Unprofessional Foul


December 23, 2015

It Has Risen

Look what I found!

Look what I found!

[Tap, tap, tap]


Is this thing on?

Can you hear me?

Can you hear me now?

Welcome everyone to the UnprofessionalFoul.com Resurrection Party… otherwise known as UF’s eighth birthday extravaganza. It has also been almost four years since UF went dark. Our erstwhile leader, James T, pronounced the time of death in this post, but we all know UF didn’t really die; it became more powerful than you could ever imagine. There were some brief reappearances here and there. Kinda like a certain character from an epic tale — don’t worry, no spoilers here.

You may be wondering what UF has been up to for the last four years (some of it surely no good). Or maybe not. Regardless, The Fan’s Attic (@TheFansAttic) is here to catch you up. First, let’s see what happened previously on UF.

Baltimore Foul Up with a giant banner smuggled into the stadium in somebody's pants

Baltimore Foul Up with a giant banner smuggled into the stadium in somebody’s pants

The banner.

The banner.

England vs USA World Cup Foul Up. Look how happy the US fans were with a draw.

England vs USA World Cup Foul Up. Look how happy the US fans were with a draw.

Good times, for sure. Booze and soccer: Two constants with UF. Since the darkness, UF itself has been having a grand time traveling the world, taunting TSE with stickers and t-shirts he doesn’t have.


UF at the beach.


UF in ancient Cambodian ruins.


UF at a jellyfish rave.

UF swimming with sharks.

UF swimming with sharks.

But UF has always been more than that. The contributors and commenters alike are amazing people with incredible talents and intelligence that continue to do great things. Even more important is that they are all great people excelling in life and making this place a better place: a more populous place as well.

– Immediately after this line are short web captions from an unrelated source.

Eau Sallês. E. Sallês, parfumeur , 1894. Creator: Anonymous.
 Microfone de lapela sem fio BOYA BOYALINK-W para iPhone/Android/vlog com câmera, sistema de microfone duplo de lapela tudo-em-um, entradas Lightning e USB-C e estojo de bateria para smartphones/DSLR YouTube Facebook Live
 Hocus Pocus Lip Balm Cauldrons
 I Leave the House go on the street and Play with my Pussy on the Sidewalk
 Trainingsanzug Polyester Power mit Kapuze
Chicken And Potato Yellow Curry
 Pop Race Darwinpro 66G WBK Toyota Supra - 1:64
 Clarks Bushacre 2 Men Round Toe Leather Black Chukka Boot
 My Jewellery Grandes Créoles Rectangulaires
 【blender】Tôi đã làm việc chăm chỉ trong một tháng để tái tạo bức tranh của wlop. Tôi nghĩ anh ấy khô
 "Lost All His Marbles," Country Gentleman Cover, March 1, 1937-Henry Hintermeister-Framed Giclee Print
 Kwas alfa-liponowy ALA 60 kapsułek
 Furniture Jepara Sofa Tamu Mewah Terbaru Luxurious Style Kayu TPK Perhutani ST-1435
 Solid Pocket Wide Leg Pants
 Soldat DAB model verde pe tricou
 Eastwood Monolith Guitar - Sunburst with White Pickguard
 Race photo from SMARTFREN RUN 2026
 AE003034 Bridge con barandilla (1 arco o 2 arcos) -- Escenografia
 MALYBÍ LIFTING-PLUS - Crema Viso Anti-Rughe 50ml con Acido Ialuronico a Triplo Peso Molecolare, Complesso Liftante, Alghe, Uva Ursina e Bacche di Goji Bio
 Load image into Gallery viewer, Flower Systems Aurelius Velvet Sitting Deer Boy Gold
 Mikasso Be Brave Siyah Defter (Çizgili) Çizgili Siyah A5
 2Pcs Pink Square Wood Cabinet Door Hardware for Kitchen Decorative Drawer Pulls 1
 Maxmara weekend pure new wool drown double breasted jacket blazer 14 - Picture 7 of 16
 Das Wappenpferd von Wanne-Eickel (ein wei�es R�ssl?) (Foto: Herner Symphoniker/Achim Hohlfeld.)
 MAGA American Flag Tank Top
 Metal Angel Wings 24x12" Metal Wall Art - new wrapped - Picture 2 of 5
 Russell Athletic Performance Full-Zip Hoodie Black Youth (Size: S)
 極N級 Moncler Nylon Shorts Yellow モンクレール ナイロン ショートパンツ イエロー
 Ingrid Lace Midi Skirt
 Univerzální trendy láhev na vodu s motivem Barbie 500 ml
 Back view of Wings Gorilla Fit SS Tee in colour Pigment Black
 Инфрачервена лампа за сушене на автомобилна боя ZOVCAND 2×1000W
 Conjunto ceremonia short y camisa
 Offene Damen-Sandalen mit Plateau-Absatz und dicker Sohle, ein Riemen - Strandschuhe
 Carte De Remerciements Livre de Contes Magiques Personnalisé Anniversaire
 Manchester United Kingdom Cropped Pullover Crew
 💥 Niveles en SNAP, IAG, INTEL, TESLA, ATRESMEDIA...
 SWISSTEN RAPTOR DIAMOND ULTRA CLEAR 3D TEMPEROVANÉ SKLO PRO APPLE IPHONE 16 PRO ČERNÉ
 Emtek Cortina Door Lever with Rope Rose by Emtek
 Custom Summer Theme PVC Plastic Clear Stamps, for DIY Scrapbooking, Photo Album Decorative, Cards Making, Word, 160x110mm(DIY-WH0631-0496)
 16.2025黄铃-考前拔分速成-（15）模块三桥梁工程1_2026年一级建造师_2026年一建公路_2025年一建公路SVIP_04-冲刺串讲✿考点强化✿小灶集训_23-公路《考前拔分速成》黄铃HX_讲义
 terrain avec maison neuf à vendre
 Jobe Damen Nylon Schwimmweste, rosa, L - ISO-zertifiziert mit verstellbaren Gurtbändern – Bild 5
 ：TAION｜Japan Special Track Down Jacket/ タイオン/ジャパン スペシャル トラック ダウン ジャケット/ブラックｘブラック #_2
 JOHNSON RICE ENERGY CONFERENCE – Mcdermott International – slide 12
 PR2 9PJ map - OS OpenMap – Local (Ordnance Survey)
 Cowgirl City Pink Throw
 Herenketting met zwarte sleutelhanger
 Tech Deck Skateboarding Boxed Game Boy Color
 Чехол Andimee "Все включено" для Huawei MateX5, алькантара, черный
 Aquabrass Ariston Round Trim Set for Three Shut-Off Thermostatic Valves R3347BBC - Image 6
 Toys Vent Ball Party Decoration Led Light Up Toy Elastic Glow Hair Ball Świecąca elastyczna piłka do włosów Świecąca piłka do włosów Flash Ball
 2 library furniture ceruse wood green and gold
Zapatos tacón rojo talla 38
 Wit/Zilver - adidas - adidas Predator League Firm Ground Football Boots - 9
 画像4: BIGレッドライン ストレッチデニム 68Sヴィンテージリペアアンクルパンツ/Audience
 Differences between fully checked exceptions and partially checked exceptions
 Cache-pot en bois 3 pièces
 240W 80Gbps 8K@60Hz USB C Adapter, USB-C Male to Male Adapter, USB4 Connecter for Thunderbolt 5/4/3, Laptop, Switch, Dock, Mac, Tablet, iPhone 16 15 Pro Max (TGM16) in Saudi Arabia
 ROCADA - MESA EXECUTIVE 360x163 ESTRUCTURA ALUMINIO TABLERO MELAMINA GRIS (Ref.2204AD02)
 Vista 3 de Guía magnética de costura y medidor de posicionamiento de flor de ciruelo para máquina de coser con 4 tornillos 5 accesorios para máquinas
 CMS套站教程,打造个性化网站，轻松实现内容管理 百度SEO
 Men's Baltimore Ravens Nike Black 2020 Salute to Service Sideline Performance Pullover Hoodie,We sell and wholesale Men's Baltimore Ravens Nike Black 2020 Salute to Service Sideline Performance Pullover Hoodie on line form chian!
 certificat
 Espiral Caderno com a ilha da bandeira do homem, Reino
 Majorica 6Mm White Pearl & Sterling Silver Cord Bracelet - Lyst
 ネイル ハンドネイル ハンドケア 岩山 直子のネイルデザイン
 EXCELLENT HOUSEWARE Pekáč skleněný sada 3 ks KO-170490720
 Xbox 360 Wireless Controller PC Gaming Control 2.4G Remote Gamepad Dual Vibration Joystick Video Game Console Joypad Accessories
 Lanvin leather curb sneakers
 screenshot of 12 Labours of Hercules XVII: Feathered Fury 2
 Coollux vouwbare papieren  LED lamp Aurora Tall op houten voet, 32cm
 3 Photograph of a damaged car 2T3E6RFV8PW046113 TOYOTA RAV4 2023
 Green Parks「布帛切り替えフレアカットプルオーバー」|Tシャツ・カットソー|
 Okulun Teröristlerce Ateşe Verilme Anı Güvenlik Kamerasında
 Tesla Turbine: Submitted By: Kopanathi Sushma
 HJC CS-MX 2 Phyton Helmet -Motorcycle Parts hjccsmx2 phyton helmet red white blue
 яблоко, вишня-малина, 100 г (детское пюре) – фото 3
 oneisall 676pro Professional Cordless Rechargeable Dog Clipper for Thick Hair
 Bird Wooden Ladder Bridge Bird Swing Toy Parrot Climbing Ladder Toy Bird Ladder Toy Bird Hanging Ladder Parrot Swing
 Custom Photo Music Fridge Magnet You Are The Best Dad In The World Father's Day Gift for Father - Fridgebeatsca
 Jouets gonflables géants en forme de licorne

That’s right: there were three UF babies born and another three are on the way since we shuttered the doors. Yours truly has one of the former and the latter. Hell, some women are even consenting to marry us. There have been six weddings and another is in the works, unless she finds out what The Likely Lad is really like.

Every contributor is doing well in their chosen professions. Lucky for us Moonshine Mike (@BillJelavich) may actually be running the internet and there is no way he will let Donald Trump shut it down. James T (@JamesTylerESPN) continues to shape the soccer media landscape from his Amish bunker fortified with hundreds of pounds of smoked meat, three barrels of whiskey, and a vicious guard turkey. Precious Roy has probably started fourteen new businesses since UF went dark, a full eight of which have been successful. His shoeless runner dating website was not one of the lucky eight, though. Who could have known?

Autoglass is still the troll provocateur extraordinaire — perhaps even more refined in the last four years. His Chelsea side may proof that his power are peaking right now. Outside Mid (@OutsideMid) has moved from the land of boudin to a land of passable BBQ. A fair trade, in my opinion. Orr (@davelambcomedyis a wildly successful comedian (in his area) but will soon be known across the country. Look for him in about 10 years taking over for that clown Jimmy Fallon. The Mountain WAG is still the best WAG around. She now has a title to prove it.

Jacob’s having a hell of a year — his Clemson Tigers are the number one team in the land and his beard is second to only Santa’s. We cannot really go into the successes of The NY Kid (@deezfookinnutz) because it may well implicate him, but let’s just say he’s killing it. No word on the whereabouts of Wandering Bear though.

Number 1.  Beard or college football team?

Number 1. Beard or college football team?

Spectator (@Spectatorr) may have become the Hipster Lodestar in Brooklyn. Maybe. Georger has quit Twitter for the 11th time this week which is probably good for his blood pressure but bad for our entertainment. Despite being a Manc, The Stretford End (@iansheacahir) has been doing quite well professionally and his family is top-notch.

Perhaps the only one of us who has suffered in the last four years is BG, who came out… as a Man United fan. He was a secret Manc fan that infiltrated our ranks. At least we knew what we were getting with TSE; BG on the other hand was a sleeper cell. We have all been inoculated from his illness but I worry about those that have not been.

Now to close up this recap we are going to circle back to one of those UF constants: booze. It just so happens that Sven (@SvenWalls) has just opened a bar in NashvilleThe Centennial. I hear it’s the greatest bar ever. We are bound and determined to have a Foul Up there to put it through its paces. In the meantime, if you are in Nashville you need to be a patron.

UF at The Centennial.  Be there.

UF at The Centennial. Be there.

That about covers us. Enjoy Resurrection Day — it’s kinda like Rex Manning Day but only much better. Please let us know what you have been up to.

Oh, I almost forgot. The Timbers won the Cup!!!




PS – I am so incredibly sad that UF was not around for the current FIFA implosion. It would have been so much fun.